Four countries – France, the United Kingdom, Norway and Sweden – are aiming to go carbon-neutral; fifteen others have begun in-depth discussions on the subject. The European Union has decided to ban the use of several single-use plastic items in 2021 and to halve CO2 emissions generated by freight transport by 2050. For people and consumers, student strikes and climate-change protests, along with the decline in meat consumption, show a shift in thinking that cannot be ignored. The change that is underway in the global economy requires a massive amount of investment, which will benefit those companies that are working to rise to the environmental and societal challenges. Benefiting from the exceptional growth potential of these companies over the coming decades is exactly what impact investing is about: selecting assets that have a positive and measurable impact on society, while also offering investors an attractive outlook.
But how can these high-potential assets be identified and their impact assessed? Current selection methodologies are based on the roadmap provided by the UN’s seventeen Sustainable Development Goals (SDGs). UBP has developed its own tailored measurement system in partnership with the Cambridge Institute for Sustainability Leadership (CISL). This divides the SDGs into six investment themes: basic needs, health & well-being, inclusive & fair economies, climate stability, healthy ecosystems, and sustainable communities. Companies are then thematically analysed using the “IMAP” criteria (intentionality, materiality, additionality and potentiality) in order to measure their impact intensity.
The aim is to assess, for example, the portion of R&D investment allocated to solutions that generate a positive impact, or the portion of revenues that comes exclusively from these solutions. There is also the question of determining whether or not a company is positioned to become a leader in its field.
In the “healthy ecosystems” category, Aquafil is an excellent example of a company with attractive potential in terms both of its solid financial fundamentals and of its significant positive impact – its score comes in at 15/20 according to our IMAP criteria. Aquafil, a listed Italian business that operates internationally, produces synthetic fibres (nylon) for carpet manufacturers and the clothing sector. It has become an industry leader in developing technologies that contribute to a circular economy. Its proprietary “Econyl” process recovers nylon waste, such as fishing nets from the oceans, and fabric and carpet scraps, and turns it into high-quality nylon yarn. This unique process has already won over several major high street and luxury fashion brands, such as Adidas, H&M, Stella McCartney and Prada. Every USD 1 million invested in the company accounts for the recovery of 1.3 tonnes of fishing nets and the regeneration of 1.02 tonnes of waste carpet per year.

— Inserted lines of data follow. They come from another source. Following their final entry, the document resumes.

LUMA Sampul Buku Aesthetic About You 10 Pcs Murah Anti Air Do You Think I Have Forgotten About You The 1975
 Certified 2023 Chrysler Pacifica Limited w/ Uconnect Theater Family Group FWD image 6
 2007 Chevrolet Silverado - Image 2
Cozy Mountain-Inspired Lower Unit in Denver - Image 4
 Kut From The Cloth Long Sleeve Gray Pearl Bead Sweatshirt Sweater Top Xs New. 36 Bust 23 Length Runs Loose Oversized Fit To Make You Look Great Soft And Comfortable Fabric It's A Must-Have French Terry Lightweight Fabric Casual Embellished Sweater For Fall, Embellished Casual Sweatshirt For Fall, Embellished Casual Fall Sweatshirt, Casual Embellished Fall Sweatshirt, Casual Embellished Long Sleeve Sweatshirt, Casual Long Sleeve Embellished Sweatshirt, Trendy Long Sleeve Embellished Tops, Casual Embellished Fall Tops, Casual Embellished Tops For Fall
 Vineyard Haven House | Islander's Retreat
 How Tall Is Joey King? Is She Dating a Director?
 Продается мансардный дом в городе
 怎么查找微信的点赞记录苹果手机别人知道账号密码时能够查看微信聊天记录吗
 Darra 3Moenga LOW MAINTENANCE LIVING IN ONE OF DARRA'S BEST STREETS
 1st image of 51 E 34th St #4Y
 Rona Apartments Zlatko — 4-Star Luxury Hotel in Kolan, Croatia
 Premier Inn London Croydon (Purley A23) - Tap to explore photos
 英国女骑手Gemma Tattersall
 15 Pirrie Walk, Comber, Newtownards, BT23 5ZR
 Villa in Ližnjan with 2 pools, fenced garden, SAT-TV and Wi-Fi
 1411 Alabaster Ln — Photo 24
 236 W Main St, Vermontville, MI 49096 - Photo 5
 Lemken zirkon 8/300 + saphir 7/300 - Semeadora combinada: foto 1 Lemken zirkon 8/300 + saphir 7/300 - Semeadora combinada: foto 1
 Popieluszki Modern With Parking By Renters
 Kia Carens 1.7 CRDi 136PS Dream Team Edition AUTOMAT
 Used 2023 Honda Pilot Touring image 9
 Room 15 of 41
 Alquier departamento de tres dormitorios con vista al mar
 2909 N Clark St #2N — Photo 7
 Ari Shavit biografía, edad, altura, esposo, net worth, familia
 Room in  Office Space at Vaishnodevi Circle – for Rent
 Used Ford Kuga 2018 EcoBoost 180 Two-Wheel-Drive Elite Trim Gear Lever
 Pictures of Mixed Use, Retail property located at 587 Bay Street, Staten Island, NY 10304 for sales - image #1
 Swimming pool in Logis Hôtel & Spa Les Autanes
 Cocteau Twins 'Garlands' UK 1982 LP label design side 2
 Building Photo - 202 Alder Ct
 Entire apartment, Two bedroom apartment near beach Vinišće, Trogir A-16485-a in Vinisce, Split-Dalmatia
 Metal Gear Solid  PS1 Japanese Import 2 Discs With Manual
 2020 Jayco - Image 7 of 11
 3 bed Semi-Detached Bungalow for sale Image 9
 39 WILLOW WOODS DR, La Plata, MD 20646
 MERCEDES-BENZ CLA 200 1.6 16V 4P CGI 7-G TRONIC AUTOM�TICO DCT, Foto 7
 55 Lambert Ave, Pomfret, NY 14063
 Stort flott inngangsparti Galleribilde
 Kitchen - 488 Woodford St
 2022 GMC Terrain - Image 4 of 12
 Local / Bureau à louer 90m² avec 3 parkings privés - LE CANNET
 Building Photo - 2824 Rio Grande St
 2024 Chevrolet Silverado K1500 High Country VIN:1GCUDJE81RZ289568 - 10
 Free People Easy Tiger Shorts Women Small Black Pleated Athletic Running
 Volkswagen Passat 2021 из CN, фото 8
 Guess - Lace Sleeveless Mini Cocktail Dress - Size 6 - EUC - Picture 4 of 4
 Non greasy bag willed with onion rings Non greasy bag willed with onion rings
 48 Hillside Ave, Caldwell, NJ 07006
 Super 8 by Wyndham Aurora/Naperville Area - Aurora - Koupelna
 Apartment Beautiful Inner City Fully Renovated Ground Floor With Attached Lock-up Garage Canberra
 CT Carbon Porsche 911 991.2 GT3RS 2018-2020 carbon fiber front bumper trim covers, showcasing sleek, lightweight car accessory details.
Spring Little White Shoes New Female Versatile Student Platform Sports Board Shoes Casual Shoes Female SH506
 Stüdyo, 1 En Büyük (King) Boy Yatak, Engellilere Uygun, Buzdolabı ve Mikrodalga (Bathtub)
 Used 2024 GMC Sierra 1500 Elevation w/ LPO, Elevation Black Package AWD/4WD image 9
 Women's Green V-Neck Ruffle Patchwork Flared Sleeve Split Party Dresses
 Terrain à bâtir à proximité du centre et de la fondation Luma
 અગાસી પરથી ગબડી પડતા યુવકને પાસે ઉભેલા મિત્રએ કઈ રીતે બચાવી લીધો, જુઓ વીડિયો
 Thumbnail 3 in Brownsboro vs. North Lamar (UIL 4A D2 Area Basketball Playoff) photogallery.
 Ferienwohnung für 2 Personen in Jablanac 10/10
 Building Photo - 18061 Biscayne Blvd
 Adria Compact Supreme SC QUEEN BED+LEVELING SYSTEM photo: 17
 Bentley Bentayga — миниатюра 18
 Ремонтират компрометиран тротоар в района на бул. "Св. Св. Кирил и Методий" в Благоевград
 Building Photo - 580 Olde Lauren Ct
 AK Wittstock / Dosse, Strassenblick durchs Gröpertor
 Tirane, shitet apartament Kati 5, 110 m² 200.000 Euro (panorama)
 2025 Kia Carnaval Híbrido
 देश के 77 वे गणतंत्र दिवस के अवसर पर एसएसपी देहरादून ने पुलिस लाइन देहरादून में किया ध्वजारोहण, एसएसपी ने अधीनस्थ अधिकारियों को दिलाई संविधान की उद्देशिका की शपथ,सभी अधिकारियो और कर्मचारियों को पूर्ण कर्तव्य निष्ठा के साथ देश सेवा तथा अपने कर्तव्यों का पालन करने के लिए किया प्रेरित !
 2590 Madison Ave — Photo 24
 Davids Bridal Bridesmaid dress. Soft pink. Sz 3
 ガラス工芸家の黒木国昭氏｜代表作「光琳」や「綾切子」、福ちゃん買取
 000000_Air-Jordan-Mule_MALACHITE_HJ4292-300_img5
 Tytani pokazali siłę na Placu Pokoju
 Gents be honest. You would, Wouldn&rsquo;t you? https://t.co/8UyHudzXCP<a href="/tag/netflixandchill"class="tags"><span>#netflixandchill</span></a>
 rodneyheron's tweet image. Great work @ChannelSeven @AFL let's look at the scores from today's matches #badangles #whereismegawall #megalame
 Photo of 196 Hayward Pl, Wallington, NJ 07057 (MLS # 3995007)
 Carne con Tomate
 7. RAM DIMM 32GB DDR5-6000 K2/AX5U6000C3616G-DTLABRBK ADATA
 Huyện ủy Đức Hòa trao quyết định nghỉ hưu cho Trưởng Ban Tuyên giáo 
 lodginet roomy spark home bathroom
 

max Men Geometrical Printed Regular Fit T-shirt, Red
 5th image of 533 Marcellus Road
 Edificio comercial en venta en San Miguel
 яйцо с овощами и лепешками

Positive-impact names such as Aquafil are helping to lay the foundations of sustainable growth and a circular economy, in stark contrast to the so-called “take, make, waste” culture that uses up natural resources. In a circular economy, used products and materials are recycled and regenerated at the end of their life cycle. However, the road to spreading these practices is a long one. Today, only 9.1% of the global economy is truly circular. This is where impact investing has a major role to play, both for safeguarding the planet and for sustaining investment performances.